# First Night on Equipment



## RaeganW (Jul 14, 2009)

My club offers agility practice runs in the summer, and tonight I'm taking Marsh! I've been through agility classes with Gatsby, and Marsh has apparently had at least some work done with him because he knows to take jumps in his path. But with me he's had nothing except a little work with 2x2 weaves (he's working at 2 sets of 2, about seven feet apart and open at 7 and 1 o'clock).

These run throughs are the only chance he'll get to work on equipment for a while, since classes aren't an option at this point. What are somethings I can do to make the most of the time we have?


----------



## Indigo (Mar 31, 2011)

Are these like mock trials? Or is it just doing runs on the equipment?

If it's a mock trial/fun match, it depends where you are in your training and what the mock trial allows for you to do.

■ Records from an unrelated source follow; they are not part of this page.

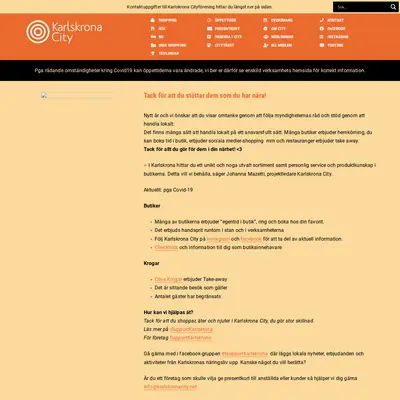 Karlskrona City startsida 2021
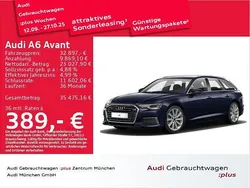Firmamentblau metallic Gebraucht 2021 Audi A6 Design Kombi | 32.897 € (Guter Preis)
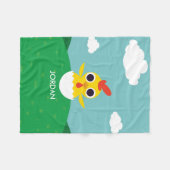 強盗ひよこ フリースブランケット (正面(横))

If he was closer to competitive level I'd say treat it like a real trial, but it sounds like he's still getting up there. It's a good chance to work on the equipment with additional distractions for sure, especially if there are ring stewards on the sides, a small crowd, and a judge in the middle. Personally if my dog was just starting to put it all together and this was a mock trial I'd focus on keeping his or her attention amid the new distractions, rewarding choosing to follow me at any point rather than worrying about dropped bars or missed contacts. Work on keeping your handling consistent the whole run as well, it's really easy to forget all the stuff YOU the human knows in the middle of a trial when suddenly everyone is watching.

If it's just open practice on the equipment, focus on anything you couldn't replicate at home. For me I had a few pieces of the smaller equipment, but nothing like a dog walk, or a-frame, so contacts were what we focused on.


----------



## RaeganW (Jul 14, 2009)

It's more like an open practice. If it's like it was last year, an Excellent level Standard and JWW course is set up and you get a 3 minute turn to do whatever. I don't think they even set up ring gates. They're pretty sparsely attended, only a handful of people regularly show up.


----------